The Patriots are right back where this season really began, the AFC Championship game.
It was last season's gut-wrenching 38-34 AFC title game loss to the Indianapolis Colts that served as the impetus for the creation of Patriots version 2.0, a team built to defeat the high-scoring Colts at their own game, except that now it won't have to in order to reach the Super Bowl.
Instead of a playoff rematch with Peyton Manning and Co., the Patriots find a more recent rival, the San Diego Chargers, making the trip to Foxborough to play for the AFC championship.
The Chargers stunned the Colts, 28-24, yesterday at the RCA Dome, scoring the winning points on a drive led by backup quarterback Billy Volek, and rendering moot the inevitable Brady-Manning and Belichick-Dungy debates.

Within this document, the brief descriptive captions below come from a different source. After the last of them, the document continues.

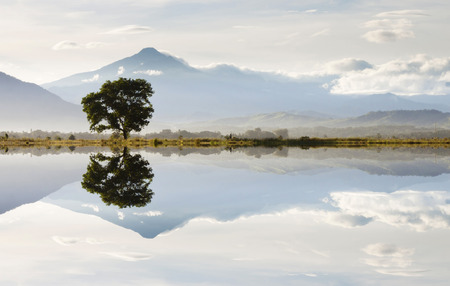 Reflection of a single tree and hills at Sabah, Borneo, Malaysiaの写真素材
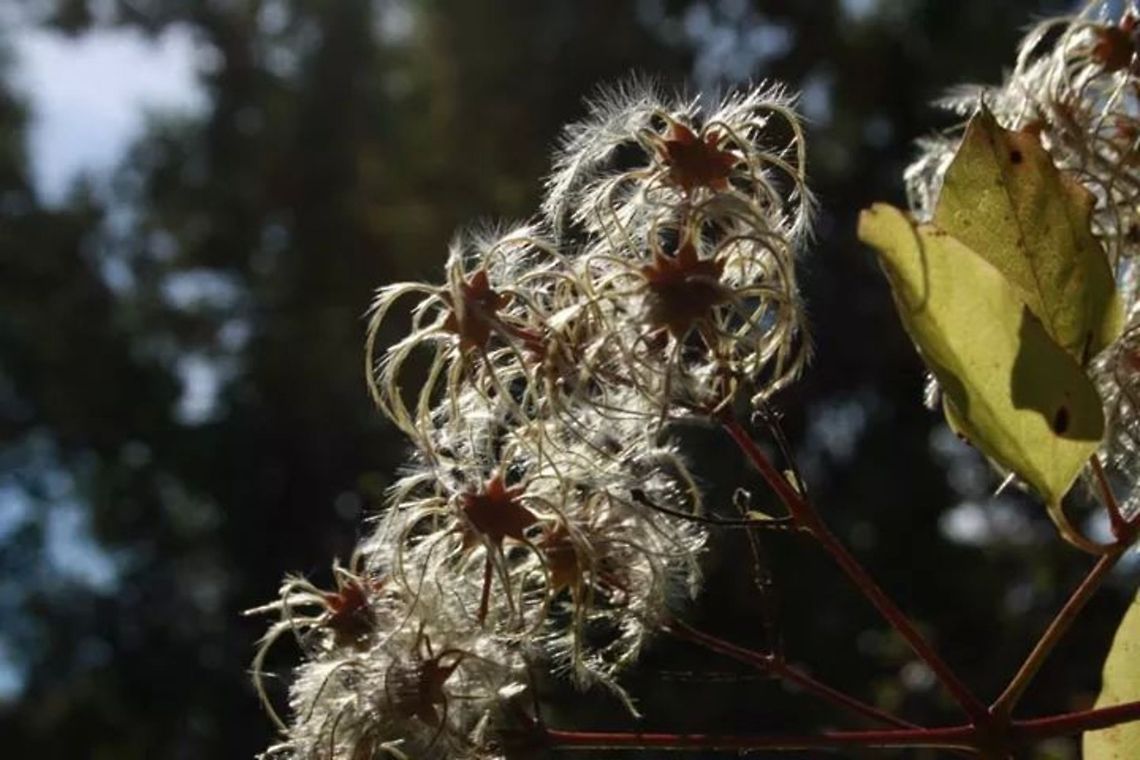Vitalba's shining white beard  Clematis vitalba,France,Geotagged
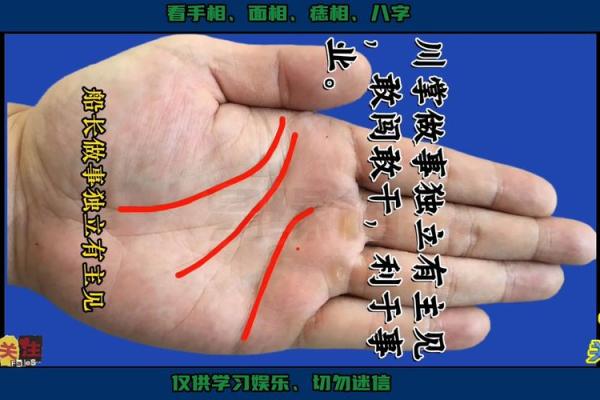 手相中的影响线揭示你未来的潜在变化与挑战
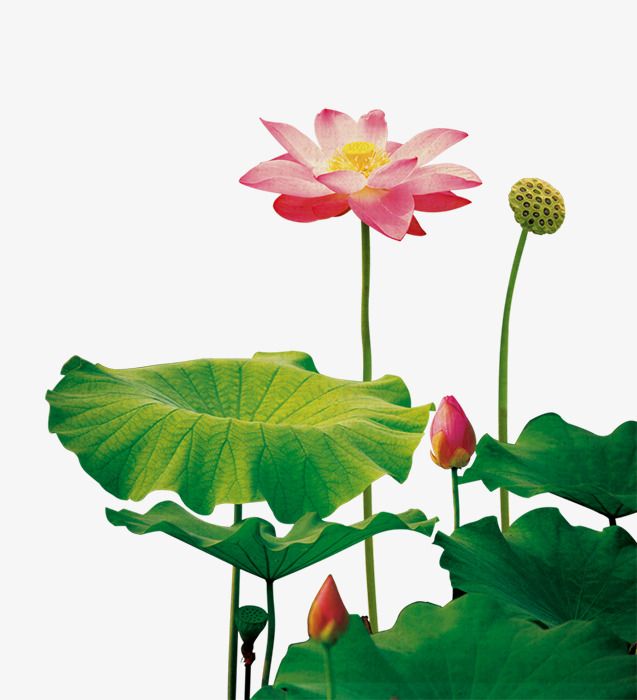 Album Floral Graphic Element (7)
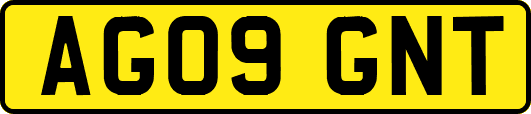 AG09GNT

Regardless of the opponent, the Patriots' focus remains on erasing the bad memories of last year's AFC title tilt by winning this one.
"We've put in a lot of hard work and effort and we've played a lot of football games to get to the exact same point that we were at last year," said coach Bill Belichick. "You just don't play the game that we played in last year and then show up and play another one.
"You've got to play. You've got to earn a lot along the way to get to that point and we've done that and with all that work and all that effort. Whatever we've done to get to this point now we're at the same point we were last year, and I think the big thing now is that we understand what we have to do going forward. Hopefully, we'll be able to do better this time."
To reach this point, the top-seeded and undefeated Patriots overwhelmed the Jacksonville Jaguars, 31-20, Saturday night at Gillette Stadium.
In their path stands a San Diego team that is playing nothing like the shell-shocked group that was shellacked by the Patriots, 38-14, in Week 2. Riding the emotional wave in the wake of Videogate, New England jumped out to a 24-0 lead, turning a primetime showdown into an embarrassing rout.
But that was gridiron eons ago, when freakishly athletic cornerback Antonio Cromartie, who led the NFL with 10 interceptions, was not even a starter. New coach Norv Turner was trying to figure out how to utilize LaDainian Tomlinson, who ended up leading the NFL in rushing with 1,474 yards. Wide receiver Chris Chambers, who was acquired via trade in October, was still a member of the Miami Dolphins, and linebacker Shawne Merriman and his mates were adjusting to new defensive coordinator Ted Cottrell.
"Well, a lot has happened since then, and I think we'll definitely start all over on the preparations with them, just almost like it's a new team," said Belichick. "Then look back at some of the things we had back in September, but that was such a long time ago, and I think the most important thing for us to focus on is what the Chargers have done in the last couple of months."
All the Patriots (17-0) have done the last couple of months is win, but that doesn't deter the chatty Chargers, who usually talk about as good a game as they play.
"Seventeen have tried and it hasn't happened," said Rivers, who suffered a right knee injury against the Colts in the third quarter, joining Tomlinson, who bruised his left knee in the first half, on the sideline. "We think it can happen."
Like the Colts, the Chargers have some memorable playoff history with the Patriots.
San Diego was the top seed in the AFC playoffs last year and had New England on the ropes in the divisional round before the Patriots snatched victory from the jaws of defeat, or more accurately Troy Brown snatched the ball from San Diego safety Marlon McCree, who had made what seemed like a season-ending interception.
Given a second chance, Tom Brady hit Reche Caldwell with a 4-yard touchdown pass and Kevin Faulk's 2-point conversion rush tied the game with 4:36 left. The Patriots won it, 24-21, on Stephen Gostkowski's 31-yard field goal with 1:10 left. Then a few of them mocked Merriman's "Lights Out" dance, leading to some bad blood between the teams.
But the Patriots have plenty of past playoff motivation, too.
"You know, it's a hard road for us to climb," said wide receiver Randy Moss, who will be seeking his first trip to the Super Bowl. "You know, we are just going to keep chipping away at it. We've got a great group of guys here, and I think they know, as far as what happened to last year's team in the AFC Championship, I think these guys, the team is very, very focused to really not let something like that slip again."
That's coming from someone who wasn't even part of last year's indelible debacle in Indy.
"Our whole season is at stake, so is theirs," said Belichick. "It's a one-game season. One team moves on. One team goes home, so I don't think anything that's happened in the past really has all that much bearing on it. Whichever team performs the best on Sunday, that's the team that's moving on. We all know that and that's plenty right there."
Material from the Associated Press was used in this report.